Videocodec on wavelet base (ala JPEG2000)? [Archive]

Xanatos

17th February 2004, 23:01

Hello @ all,

is there a videocodec out which uses Wavelet compression instead of discrete cosinus transformation for the I-frames and that utilizes delta-frames?

I've tested PICVideo? Wavelet2000 Codec
http://www.pegasusimaging.com/picvideowavelet.htm
It has very good video quality at twice of the DivX-videobitrate but it uses only I-frames !

A codec on wavelet-base with delta-frames should be kicking divx/xvix/mpeg4 down from throne of videocodecs.

greetings
Xanatos

Koepi

17th February 2004, 23:10

If you knew how wrong you are.

Eduardo Tagle implemnted an experimental wavelet codec, find it on his webpage http://sf.net/projects/btwincap/

You'll very fast see that your assumption is wrong. Use deltaframes and the quality isn't acceptable at all. Without them it rocks though, but the bitrate is quite high (i sometimes use it for tv captures though it's very cpu/memory bandwidth hungry).

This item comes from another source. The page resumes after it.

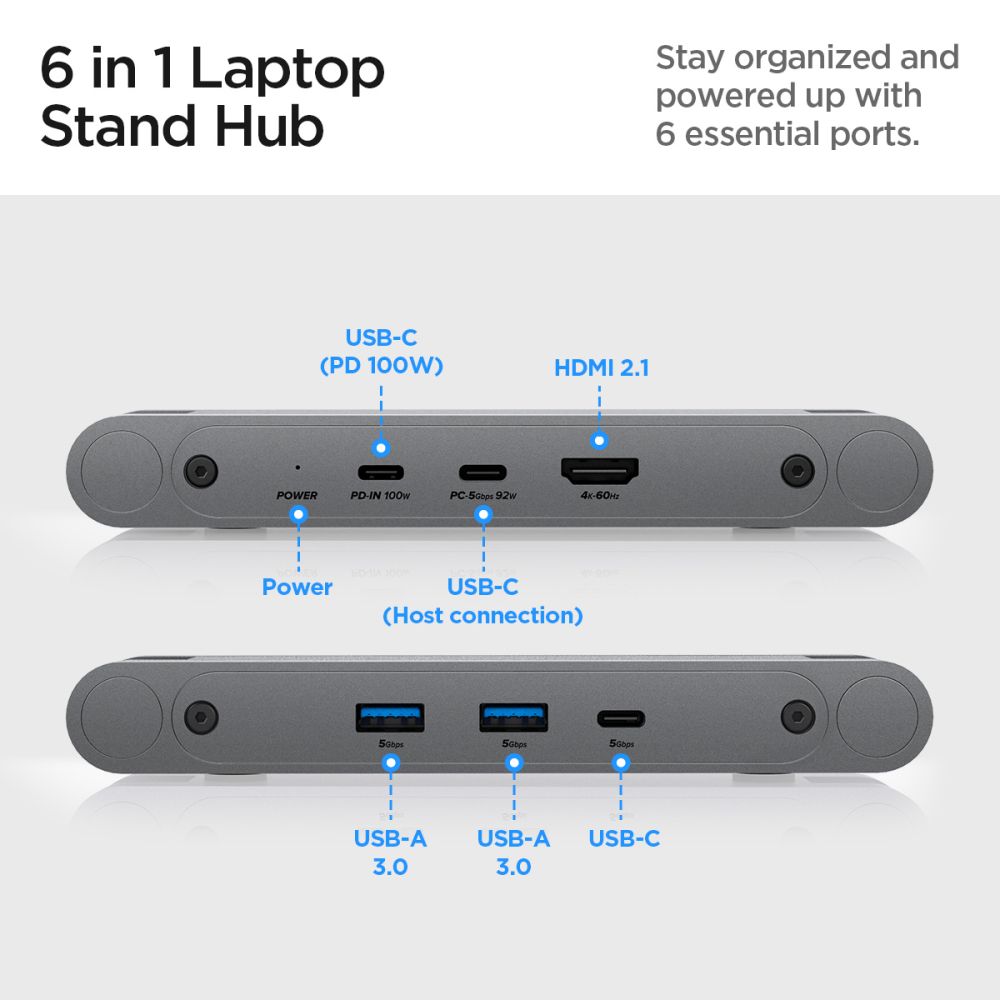 Podrška sa Hubom Spigen LD204H za Laptop max. 15.6inch, Siva AMP08885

Btw., that codec is marked experimental for a good reason, it's not recommendable for daily usage. Unless you know how to modify code (which is there too) you won't get any support from anyone with it.

Regards
Koepi

Tommy Carrot

18th February 2004, 00:14

Rududu codec (http://rududu.ifrance.com) is the most advanced wavelet codec i know about, and it has wavelet based delta frames too. It's overally slightly less efficient than the best mpeg4 codecs, but it also has a few advantages (no blocks/ringing, better noise tolerance).

Xanatos

18th February 2004, 00:20

@Koepi:

The codec didn't work for me at all :-(

I think the problem is only the defect code.

I've tested JPEG2000 with still pictures in photoshop.
It subjective and opjective better.
so even if u use the same delta algorithm it should result in smaller video

warning: page is 5 mb big!
http://neroon.gmxhome.de/
all pictures are converted to png
the modified ones are modifed with "auto tonwertkorrektur" (german, I don't now the english term)

greetings
Xanatos

Xanatos

18th February 2004, 00:41

@Tommy Carrot:

This codec is awesome.
I think mpeg4 is dead, wavelett rulez.
I hope the project is not truely dead :-(

It would be great if this codec goes open source ...

greetings
Xanatos

justin

21st February 2004, 12:30

the Ruduru team says the Wavelet Transform is not as efficient for video as for pictures, but I'd still like to see the differences between the same thing encoded with FFT (Fast Fourier) and then encoded based on WT (Wavelet)

pieter1976

21st February 2004, 17:27

Have a look at this one:

http://www.vsofts.com/codec/wlt_demo.html

I think that it uses more than only I frames.

MfA

21st February 2004, 18:33

The problem with video coding is that the error frames are nothing like natural images ... and the better you do motion compensation the less like natural images they become.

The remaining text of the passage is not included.